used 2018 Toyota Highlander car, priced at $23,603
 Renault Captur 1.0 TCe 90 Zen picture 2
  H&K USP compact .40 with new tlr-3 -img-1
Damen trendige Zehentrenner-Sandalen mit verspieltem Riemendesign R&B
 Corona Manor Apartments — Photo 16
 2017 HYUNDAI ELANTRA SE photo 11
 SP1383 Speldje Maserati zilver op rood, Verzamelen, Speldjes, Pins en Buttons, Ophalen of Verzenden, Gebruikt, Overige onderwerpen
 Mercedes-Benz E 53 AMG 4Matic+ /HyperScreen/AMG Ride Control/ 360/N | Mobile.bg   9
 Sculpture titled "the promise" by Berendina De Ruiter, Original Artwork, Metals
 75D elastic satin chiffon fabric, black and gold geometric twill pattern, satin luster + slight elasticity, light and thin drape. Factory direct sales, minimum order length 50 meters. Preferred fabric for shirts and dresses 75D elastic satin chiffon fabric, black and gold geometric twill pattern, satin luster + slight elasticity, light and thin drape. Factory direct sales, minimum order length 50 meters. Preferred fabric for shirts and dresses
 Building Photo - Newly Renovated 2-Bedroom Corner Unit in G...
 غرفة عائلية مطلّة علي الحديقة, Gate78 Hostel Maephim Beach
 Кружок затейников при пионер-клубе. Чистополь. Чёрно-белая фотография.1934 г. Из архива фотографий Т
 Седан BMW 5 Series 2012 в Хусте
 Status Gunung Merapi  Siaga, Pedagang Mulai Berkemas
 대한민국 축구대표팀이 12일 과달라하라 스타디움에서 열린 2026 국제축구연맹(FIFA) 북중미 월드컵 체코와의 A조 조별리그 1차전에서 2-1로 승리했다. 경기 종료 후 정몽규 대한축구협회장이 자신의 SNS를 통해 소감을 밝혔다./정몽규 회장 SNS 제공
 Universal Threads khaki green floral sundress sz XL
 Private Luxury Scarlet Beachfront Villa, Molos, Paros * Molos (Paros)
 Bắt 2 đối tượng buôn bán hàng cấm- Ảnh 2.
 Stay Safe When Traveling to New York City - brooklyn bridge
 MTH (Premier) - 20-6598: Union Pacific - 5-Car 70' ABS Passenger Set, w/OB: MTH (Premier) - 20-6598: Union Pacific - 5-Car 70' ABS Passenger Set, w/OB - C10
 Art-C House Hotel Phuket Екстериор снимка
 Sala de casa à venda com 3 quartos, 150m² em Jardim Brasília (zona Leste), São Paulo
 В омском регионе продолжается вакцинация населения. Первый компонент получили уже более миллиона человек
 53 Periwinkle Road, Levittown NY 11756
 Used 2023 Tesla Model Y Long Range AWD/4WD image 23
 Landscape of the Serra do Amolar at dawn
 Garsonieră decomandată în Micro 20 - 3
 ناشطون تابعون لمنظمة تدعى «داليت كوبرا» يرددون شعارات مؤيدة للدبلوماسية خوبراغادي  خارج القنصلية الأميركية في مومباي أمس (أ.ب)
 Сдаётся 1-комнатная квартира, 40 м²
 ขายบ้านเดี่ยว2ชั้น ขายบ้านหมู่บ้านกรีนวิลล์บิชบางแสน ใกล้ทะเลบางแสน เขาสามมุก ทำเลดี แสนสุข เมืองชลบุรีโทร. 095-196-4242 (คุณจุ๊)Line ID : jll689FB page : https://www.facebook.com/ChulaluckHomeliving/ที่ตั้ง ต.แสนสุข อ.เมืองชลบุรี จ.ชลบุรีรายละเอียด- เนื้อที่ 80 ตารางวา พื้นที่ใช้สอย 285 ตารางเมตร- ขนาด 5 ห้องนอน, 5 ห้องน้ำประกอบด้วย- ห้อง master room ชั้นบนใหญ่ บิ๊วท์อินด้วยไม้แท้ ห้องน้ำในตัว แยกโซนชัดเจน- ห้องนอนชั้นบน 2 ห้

● **WHAT IS NEEDED**
Exactly and only the lines from the one containing "Universal Threads khaki" to the end of the entries above are to be written out.

● **SOLUTION FOR THIS EXERCISE**
 Universal Threads khaki green floral sundress sz XL
 Private Luxury Scarlet Beachfront Villa, Molos, Paros * Molos (Paros)
 Bắt 2 đối tượng buôn bán hàng cấm- Ảnh 2.
 Stay Safe When Traveling to New York City - brooklyn bridge
 MTH (Premier) - 20-6598: Union Pacific - 5-Car 70' ABS Passenger Set, w/OB: MTH (Premier) - 20-6598: Union Pacific - 5-Car 70' ABS Passenger Set, w/OB - C10
 Art-C House Hotel Phuket Екстериор снимка
 Sala de casa à venda com 3 quartos, 150m² em Jardim Brasília (zona Leste), São Paulo
 В омском регионе продолжается вакцинация населения. Первый компонент получили уже более миллиона человек
 53 Periwinkle Road, Levittown NY 11756
 Used 2023 Tesla Model Y Long Range AWD/4WD image 23
 Landscape of the Serra do Amolar at dawn
 Garsonieră decomandată în Micro 20 - 3
 ناشطون تابعون لمنظمة تدعى «داليت كوبرا» يرددون شعارات مؤيدة للدبلوماسية خوبراغادي  خارج القنصلية الأميركية في مومباي أمس (أ.ب)
 Сдаётся 1-комнатная квартира, 40 м²
 ขายบ้านเดี่ยว2ชั้น ขายบ้านหมู่บ้านกรีนวิลล์บิชบางแสน ใกล้ทะเลบางแสน เขาสามมุก ทำเลดี แสนสุข เมืองชลบุรีโทร. 095-196-4242 (คุณจุ๊)Line ID : jll689FB page : https://www.facebook.com/ChulaluckHomeliving/ที่ตั้ง ต.แสนสุข อ.เมืองชลบุรี จ.ชลบุรีรายละเอียด- เนื้อที่ 80 ตารางวา พื้นที่ใช้สอย 285 ตารางเมตร- ขนาด 5 ห้องนอน, 5 ห้องน้ำประกอบด้วย- ห้อง master room ชั้นบนใหญ่ บิ๊วท์อินด้วยไม้แท้ ห้องน้ำในตัว แยกโซนชัดเจน- ห้องนอนชั้นบน 2 ห้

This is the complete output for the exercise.